The CDF gives the probability of achieving the first success within k trials: P(X <= k) = 1 - (1 - p)^k. This formula is derived by noting that not succeeding within k trials means failing k times in a row with probability (1-p)^k, so the complement gives the CDF. For example, with p = 0.2, the probability of success within 5 trials is 1 - 0.8^5 = 1 - 0.32768 = 0.67232 or about 67.2%. The CDF is useful for answering questions like how many trials are needed for a given confidence level. To find the number of trials needed for 95% certainty, solve 1 - (1-p)^k >= 0.95 for k.
What are the mean and variance of the geometric distribution?
The mean (expected value) of the geometric distribution is E[X] = 1/p, and the variance is Var(X) = (1-p)/p^2. The standard deviation is sqrt((1-p)/p^2) = sqrt(1-p)/p. For example, if p = 0.25, the expected number of trials until the first success is 1/0.25 = 4, with variance = 0.75/0.0625 = 12 and standard deviation = sqrt(12) = 3.46. The mean being 1/p is intuitive: if you succeed 25% of the time, you expect to need 4 tries on average. As p approaches 1, both mean and variance decrease toward 1 and 0 respectively, since success becomes nearly certain on the first trial.
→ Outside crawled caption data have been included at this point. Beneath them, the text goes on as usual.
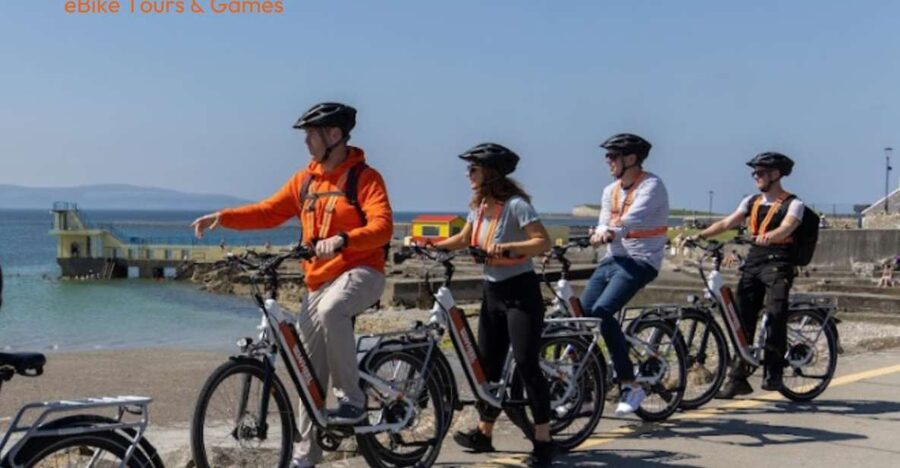 Galway: Guided eBike City Sightseeing Tour - University of Galway Quadrangle: Where Architecture Meets City Life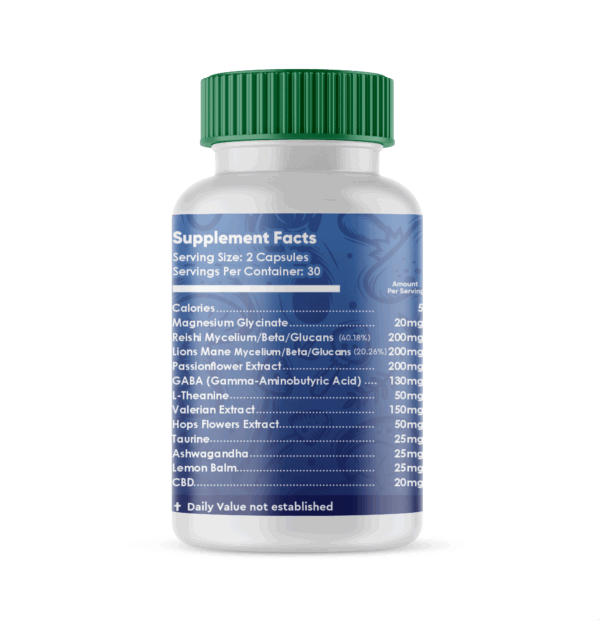 Medlife Deep Sleep with CBD - Image 2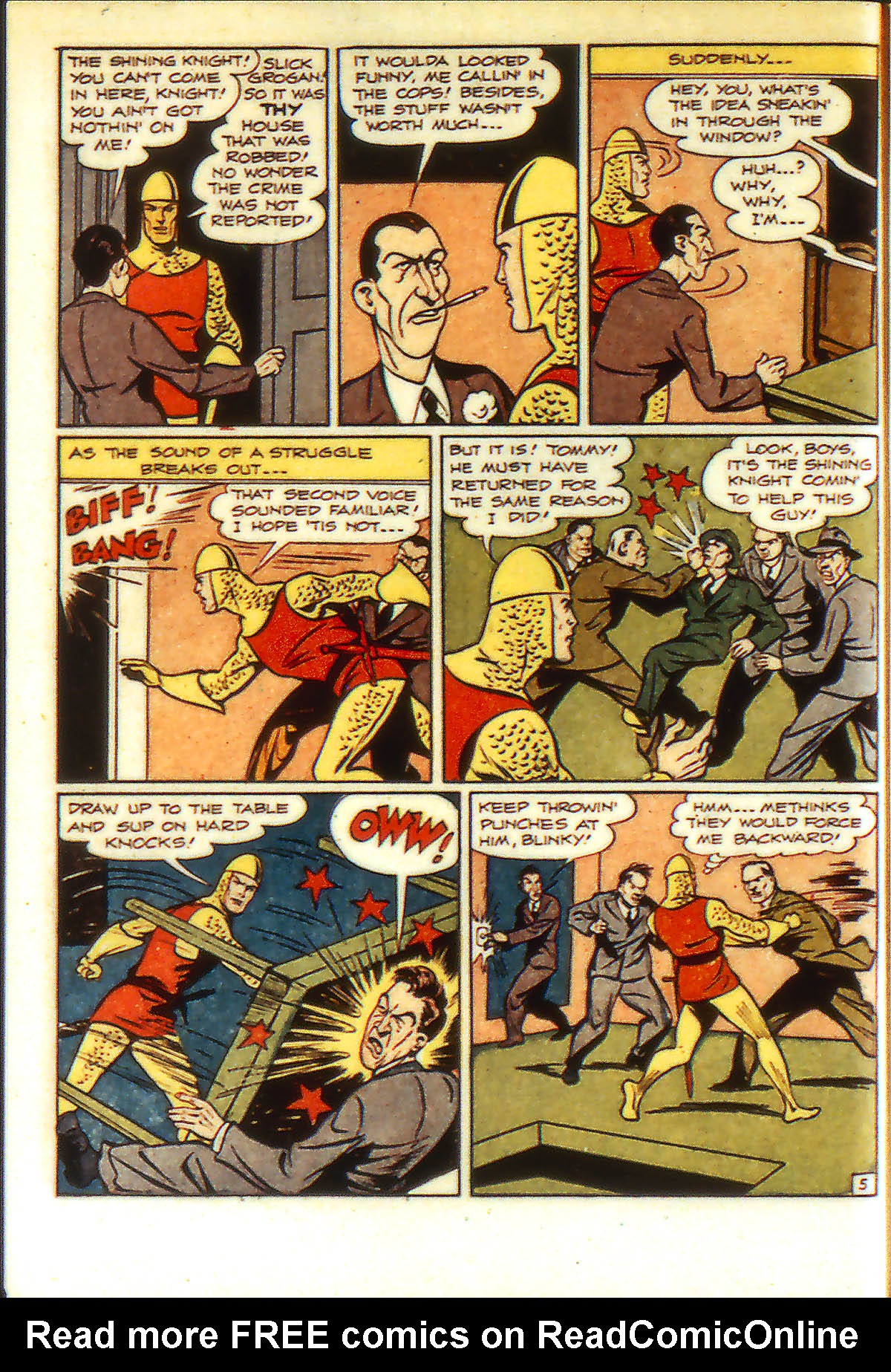 Read online Adventure Comics (1938) comic -  Issue #90 - 24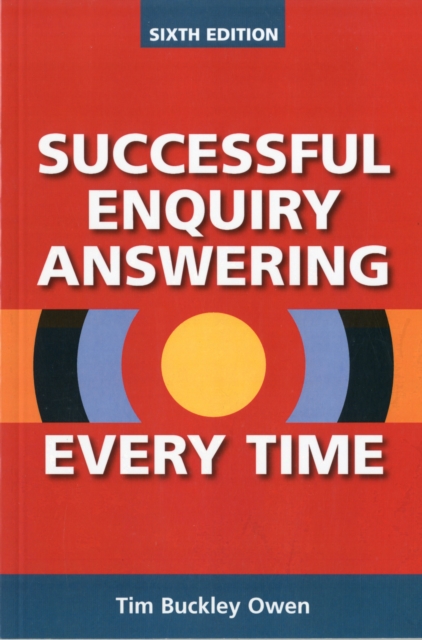 Successful Enquiry Answering Every Time, Paperback Book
What is the memoryless property of the geometric distribution?
The memoryless property states that P(X > s + t | X > s) = P(X > t) for any positive integers s and t. In practical terms, if you have already failed s times, the probability of needing more than t additional trials is the same as if you were starting fresh. For example, if you are flipping a coin waiting for heads and have already gotten 10 tails, the expected number of additional flips is still the same as when you started. This property is unique to the geometric distribution among discrete distributions (and to the exponential distribution among continuous ones). It mathematically captures the idea that independent trials have no memory of past outcomes.
How does the geometric distribution relate to the negative binomial distribution?
The geometric distribution is a special case of the negative binomial distribution with r = 1, where r represents the number of successes desired. While the geometric distribution counts trials until the first success, the negative binomial counts trials until the rth success. If X1, X2, ..., Xr are independent geometric random variables with the same parameter p, their sum follows a negative binomial distribution with parameters r and p. This relationship is useful for extending geometric distribution problems: for example, if you want to know how many sales calls are needed to make 5 sales (not just the first), you use the negative binomial distribution with r = 5.